The walls were lined up with large speakers which each emitted noisy and vaguely ambient sounds. It was quite pleasant but as it had been sold as a disorienting and even transformative experience it could only underwhelm. I'm a veteran of My Bloody Valentine playing the holocaust section of You Made Me Realise at Reading University and I listen to Asbestos Lead Asbestos by World Domination Enterprises for fun. You'll need to do better than this to impress me.



The exposed pipework up in the rafters of the room looked cool though. The next room, in which we passed through a dark corridor to reach, wasn't much better. A screen with a large dot on it pulsed and vibrated and people took photos of it before we all sat down and looked at some neon lights in a little alcove. I was a little bored. I noticed one of the girls in our group had a nice dress on and thought about what I was going to have for tea.
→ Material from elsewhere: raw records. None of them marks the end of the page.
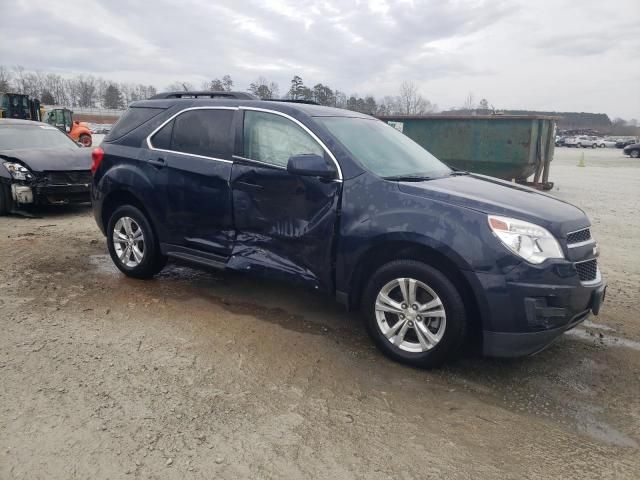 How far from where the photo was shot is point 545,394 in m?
3.39

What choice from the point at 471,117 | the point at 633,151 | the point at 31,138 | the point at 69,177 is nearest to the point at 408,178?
the point at 69,177

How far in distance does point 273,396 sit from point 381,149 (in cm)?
226

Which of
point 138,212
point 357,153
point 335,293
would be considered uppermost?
point 357,153

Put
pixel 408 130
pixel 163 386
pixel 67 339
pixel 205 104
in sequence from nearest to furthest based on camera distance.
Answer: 1. pixel 163 386
2. pixel 67 339
3. pixel 205 104
4. pixel 408 130

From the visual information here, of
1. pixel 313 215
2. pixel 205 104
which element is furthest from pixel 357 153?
pixel 205 104

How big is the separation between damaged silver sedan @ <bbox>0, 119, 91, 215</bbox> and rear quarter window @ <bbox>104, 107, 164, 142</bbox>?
365 centimetres

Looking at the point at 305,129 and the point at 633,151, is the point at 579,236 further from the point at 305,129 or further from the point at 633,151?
the point at 633,151

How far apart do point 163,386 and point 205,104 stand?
2747 millimetres

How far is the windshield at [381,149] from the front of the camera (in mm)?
4031

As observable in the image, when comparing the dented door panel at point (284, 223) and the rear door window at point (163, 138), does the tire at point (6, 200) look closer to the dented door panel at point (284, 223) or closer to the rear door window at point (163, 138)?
the rear door window at point (163, 138)

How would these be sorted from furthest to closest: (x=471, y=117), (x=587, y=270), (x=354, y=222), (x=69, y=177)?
(x=471, y=117) < (x=69, y=177) < (x=354, y=222) < (x=587, y=270)

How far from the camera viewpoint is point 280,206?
13.7 feet

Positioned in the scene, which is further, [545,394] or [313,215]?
[313,215]

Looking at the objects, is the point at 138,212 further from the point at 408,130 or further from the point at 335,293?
the point at 408,130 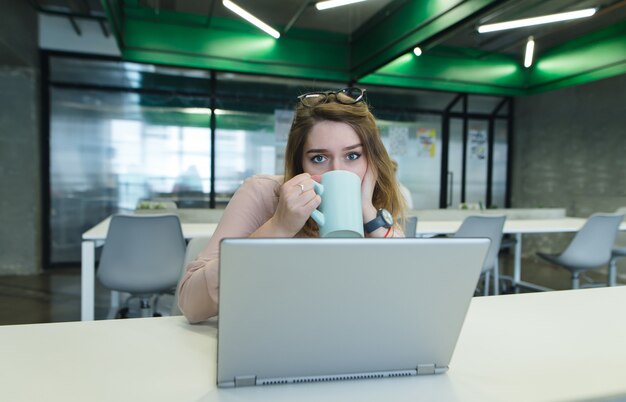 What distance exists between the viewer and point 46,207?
4.98m

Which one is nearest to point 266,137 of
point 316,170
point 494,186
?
point 494,186

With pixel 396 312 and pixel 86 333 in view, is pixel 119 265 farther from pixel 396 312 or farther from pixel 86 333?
pixel 396 312

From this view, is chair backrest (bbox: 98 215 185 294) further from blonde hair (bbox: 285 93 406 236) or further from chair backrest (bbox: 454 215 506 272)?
chair backrest (bbox: 454 215 506 272)

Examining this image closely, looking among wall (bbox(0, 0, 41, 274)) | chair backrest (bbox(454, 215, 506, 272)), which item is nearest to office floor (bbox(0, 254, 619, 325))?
wall (bbox(0, 0, 41, 274))

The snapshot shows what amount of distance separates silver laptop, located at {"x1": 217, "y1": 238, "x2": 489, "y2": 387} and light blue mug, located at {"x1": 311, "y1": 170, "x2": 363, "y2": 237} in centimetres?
22

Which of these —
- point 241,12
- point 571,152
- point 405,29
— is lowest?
point 571,152

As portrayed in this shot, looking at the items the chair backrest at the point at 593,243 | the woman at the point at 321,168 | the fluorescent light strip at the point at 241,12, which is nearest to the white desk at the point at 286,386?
the woman at the point at 321,168

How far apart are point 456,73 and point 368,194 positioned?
5280mm

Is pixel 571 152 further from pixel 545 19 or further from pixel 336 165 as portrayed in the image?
pixel 336 165

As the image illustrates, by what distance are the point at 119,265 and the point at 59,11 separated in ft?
12.6

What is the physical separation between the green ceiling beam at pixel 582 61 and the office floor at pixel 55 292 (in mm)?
2333

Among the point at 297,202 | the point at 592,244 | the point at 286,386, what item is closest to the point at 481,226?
the point at 592,244

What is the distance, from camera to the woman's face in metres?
0.98

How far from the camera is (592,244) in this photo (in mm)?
3184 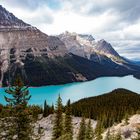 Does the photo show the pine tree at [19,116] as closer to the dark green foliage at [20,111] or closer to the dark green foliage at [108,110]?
the dark green foliage at [20,111]

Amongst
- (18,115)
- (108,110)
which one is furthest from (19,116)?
(108,110)

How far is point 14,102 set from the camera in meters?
31.1

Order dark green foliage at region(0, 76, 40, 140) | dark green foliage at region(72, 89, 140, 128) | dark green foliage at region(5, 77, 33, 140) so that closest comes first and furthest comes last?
dark green foliage at region(0, 76, 40, 140) < dark green foliage at region(5, 77, 33, 140) < dark green foliage at region(72, 89, 140, 128)

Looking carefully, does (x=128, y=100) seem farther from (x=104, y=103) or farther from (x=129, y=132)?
(x=129, y=132)

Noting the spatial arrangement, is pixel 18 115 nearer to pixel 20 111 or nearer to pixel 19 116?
pixel 19 116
Which probably wasn't what Ikeda was aiming for. The next room, finally, was a vast improvement. Three very large screens filling up with confusing data and constantly refreshing was both relaxing and strangely comforting to look at while at the same time being impossible to process. There were graphics that looked like mother boards, some that looked like corrupted spreadsheets, and, best of all for me, large maps of cities, continents, and finally the world itself. I managed to recognise London and New York City but drew a blank on most of the others.
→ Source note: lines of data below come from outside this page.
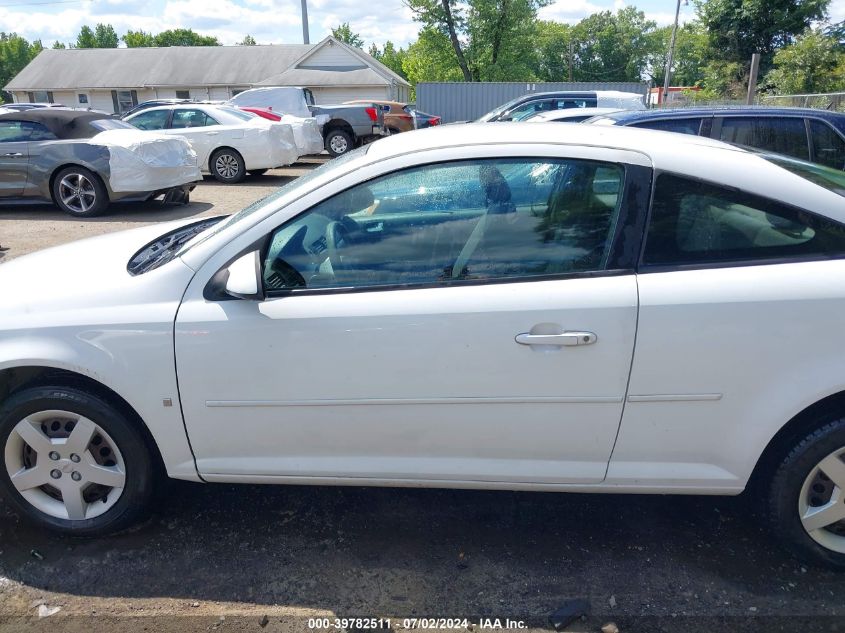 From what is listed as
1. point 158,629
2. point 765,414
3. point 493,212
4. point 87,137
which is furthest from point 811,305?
point 87,137

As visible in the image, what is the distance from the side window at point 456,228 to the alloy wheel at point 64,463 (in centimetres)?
101

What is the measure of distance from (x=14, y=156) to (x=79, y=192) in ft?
3.36

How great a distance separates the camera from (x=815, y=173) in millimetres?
2803

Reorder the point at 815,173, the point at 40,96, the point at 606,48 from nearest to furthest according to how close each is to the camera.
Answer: the point at 815,173 → the point at 40,96 → the point at 606,48

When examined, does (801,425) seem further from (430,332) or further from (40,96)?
(40,96)

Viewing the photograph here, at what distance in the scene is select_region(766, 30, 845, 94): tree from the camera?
25703mm

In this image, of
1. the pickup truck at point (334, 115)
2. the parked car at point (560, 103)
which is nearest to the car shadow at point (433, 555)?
the parked car at point (560, 103)

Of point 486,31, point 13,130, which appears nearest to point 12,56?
point 486,31

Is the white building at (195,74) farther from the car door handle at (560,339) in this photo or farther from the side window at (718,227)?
the car door handle at (560,339)

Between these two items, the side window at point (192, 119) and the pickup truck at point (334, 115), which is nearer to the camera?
the side window at point (192, 119)

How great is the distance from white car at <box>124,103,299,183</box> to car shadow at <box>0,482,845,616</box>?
11.1 meters

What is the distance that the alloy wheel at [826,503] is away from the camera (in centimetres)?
244

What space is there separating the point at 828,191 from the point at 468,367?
4.95 feet

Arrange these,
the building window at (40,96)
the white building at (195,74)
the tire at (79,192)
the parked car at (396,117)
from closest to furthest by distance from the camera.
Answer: the tire at (79,192) → the parked car at (396,117) → the white building at (195,74) → the building window at (40,96) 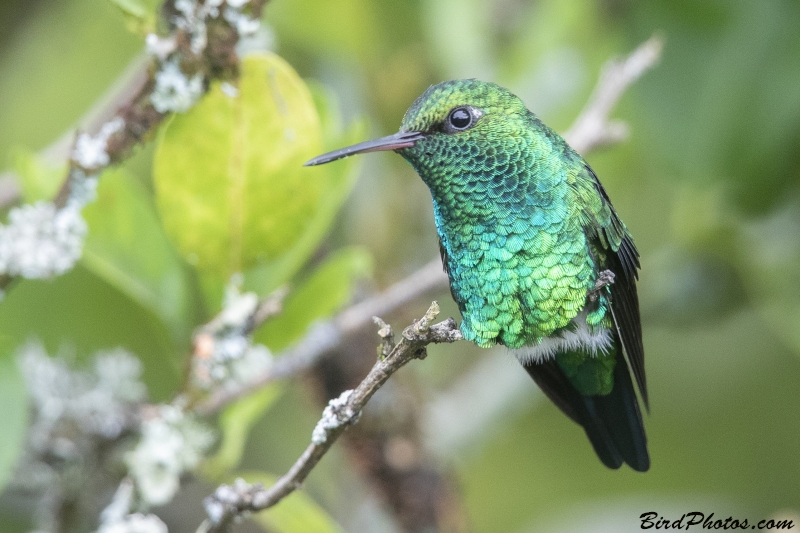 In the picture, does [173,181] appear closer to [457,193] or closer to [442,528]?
[457,193]

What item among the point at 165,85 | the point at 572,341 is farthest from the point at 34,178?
the point at 572,341

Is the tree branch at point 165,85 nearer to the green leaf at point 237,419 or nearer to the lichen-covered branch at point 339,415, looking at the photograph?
the green leaf at point 237,419

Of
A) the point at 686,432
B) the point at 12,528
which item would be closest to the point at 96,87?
the point at 12,528

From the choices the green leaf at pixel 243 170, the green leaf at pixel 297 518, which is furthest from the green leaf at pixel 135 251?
the green leaf at pixel 297 518

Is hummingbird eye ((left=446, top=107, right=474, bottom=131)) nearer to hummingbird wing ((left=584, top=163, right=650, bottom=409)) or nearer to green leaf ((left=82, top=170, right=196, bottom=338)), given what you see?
hummingbird wing ((left=584, top=163, right=650, bottom=409))

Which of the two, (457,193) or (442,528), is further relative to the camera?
(442,528)

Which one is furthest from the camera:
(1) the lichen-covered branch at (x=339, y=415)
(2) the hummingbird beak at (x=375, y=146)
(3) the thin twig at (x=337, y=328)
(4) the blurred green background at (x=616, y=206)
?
(4) the blurred green background at (x=616, y=206)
I was getting quite comfy in this room, sat on a carpeted floor, far enough away from everyone else to briefly remove my mask (incidentally, only two of our group opted to go maskless), and could have spent a little more time there but our guide eagerly ushered us towards the final room. The one he said was the best, the most disorientating.

It wasn't. There was a series of screens on the floor and another on the ceiling and our 'task', if you like, was to walk over and under them. Reviews suggest people losing their footing and becoming slightly ill but all of our group just waded straight across it, took yet more photos, and then headed out down a slightly careworn corridor into a side street, very much the tradesmen's entrance - staff were hanging around smoking, before taking one last look, and one last snap, of the concrete and wandering off down the Thames, across Blackfriars Bridge, down to Southwark, and into The Ring for a pint of Staropramen and a packet of salt'n'vinger Taytos. Which, for me, was a far more transformative experience than the slightly hucksterish art of Ryoji Ikeda.